Often Sigurđur’s visual imagery, even if a static space or inanimate object,
is suggestive of the sounds we hear, evoking a synaesthetic association.
Sometimes there is a continuity of sound or music across what seems to be a
logically disconnected series of shots; this uninterrupted soundtrack can
suggest that disparate visual elements flow from one to the next in a
rational progression. In this case, our desire to narrativize is heightened.
Why this shot and then the next? Does this character’s recognizable action
have anything to do with the unrecognizable ambient image that follows?
Sigurđur’s work recalls that of early Surrealist films in this regard:
linear narrative is repeatedly thwarted, but sometimes debatably so, and
associations can be left to the imagination. And there arises as a result a
strong feeling of existentialist alienation, meaninglessness, and absurdity;
we could easily picture Kafka’s Gregor Samsa casually crawling out from
under the woodwork, his metamorphosis into an insect taken not as shocking
but a matter of fact.
Videos such as Bleak and Host (2004), in which the question is left
unresolved as to whether or not people are actually characters or merely
details of their surroundings, leave us uncertain whether or not we want to
find a point of entry into an air of sickly decay. As ghosts come and go
around him, a man with a disturbingly ashen face sits in an isolated house
in Host, methodically eating inedible objects on the table in front of him.
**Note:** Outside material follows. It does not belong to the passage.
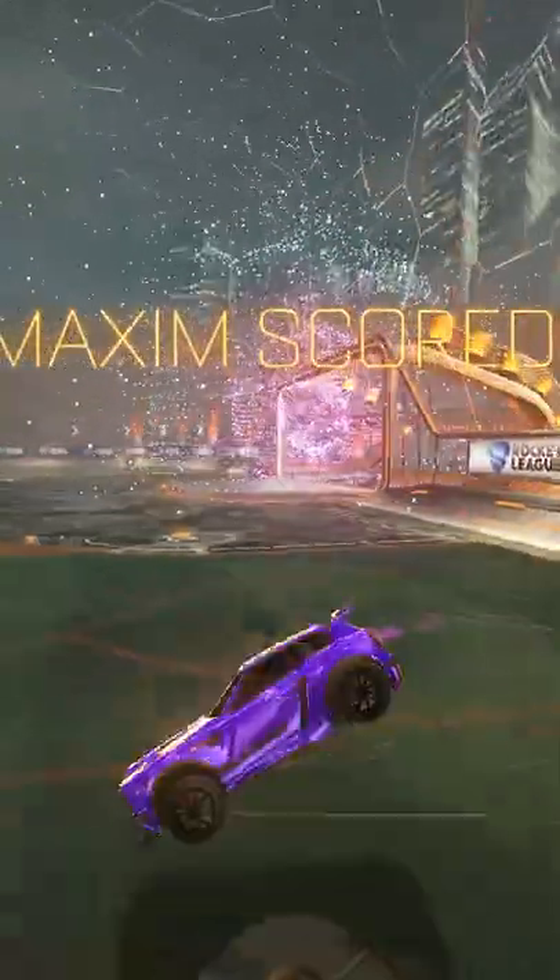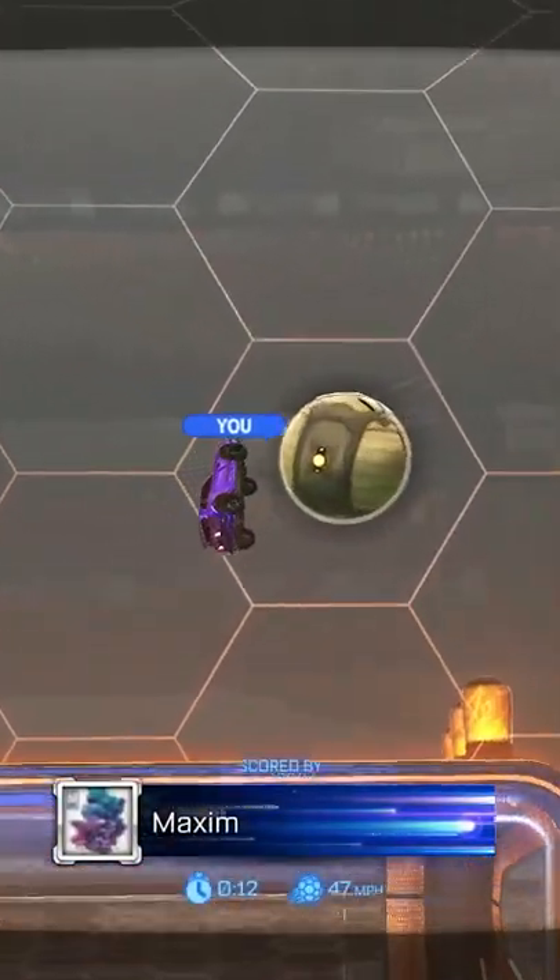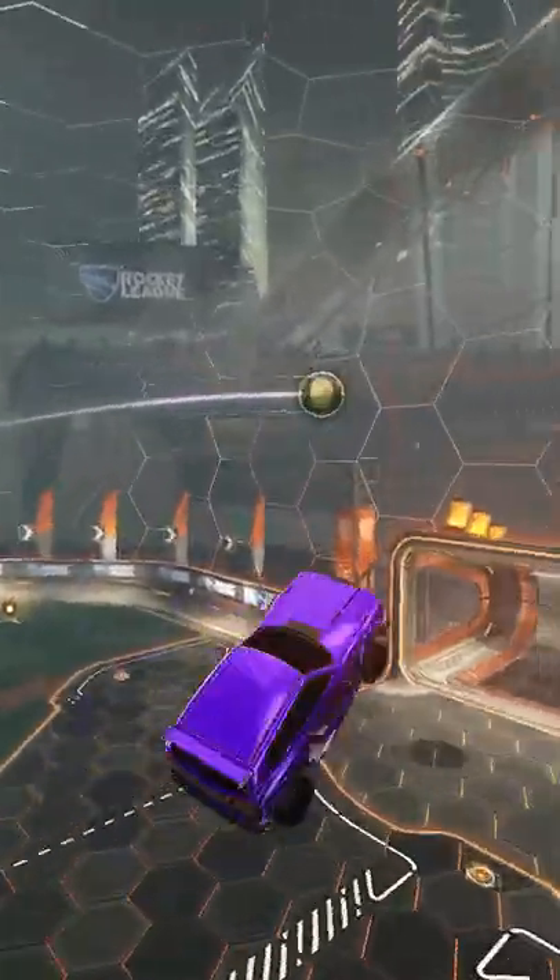When you rotate in the opponent's half in Rocket League, you usually rotate wide — meaning going for a bump on net or taking their corner boost. When your team is building pressure and boost-starving, you're usually positioned where these training pack shots have you set up at.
The lament of a solo trumpet and the unmelodic sounds of bows bouncing on
violin strings both haunt us and sustain a feeling of anxiousness. In
Deathbed, atmospheric sounds seem equally to emanate from a bowl filled with
dry ice and eggs and scenes of the preparation of a dead body by a woman who
just might be dead herself. Despite these images of the grotesque and
macabre, we find ourselves drawn in, perhaps connecting with the inevitable
within ourselves.
Newer works, such as Ablation (2008) and Cylinder (2008), move even farther
from cinematic narrative and open us to other points of connection: rather
than tapping into the viewer’s psychological subconscious, they appeal to a
phenomenological subconscious, exploring the limits of subjective sensory
perception. Shot on location in an abandoned supermarket, Cylinder consists
of digitally-processed diegetic sound and black-and-white images projected
onto a wall of the building itself, then refilmed. The effect is a mise en
abyme, a space within a space, with a dizzying quality as we seek this time
not to find our narrative footing but instead our spatial and aural
orientation.
Ablation and Cylinder subtly prove a point about Sigurđur’s art. Content—defined
in terms of characters, plotlines, thematic motifs, specificity of style, or
any combination thereof—is not what defines any one of Sigurđur’s videos or
his body of work as a whole. Rather, it is his ability to create an
atmosphere that in its ambiguousness encompasses all our senses and
intellect. As we grasp for something concrete to hold onto, and find that
everything eludes our grip, we fall deeper into Sigurđur’s work and find
only ourselves at the bottom of the rabbit hole.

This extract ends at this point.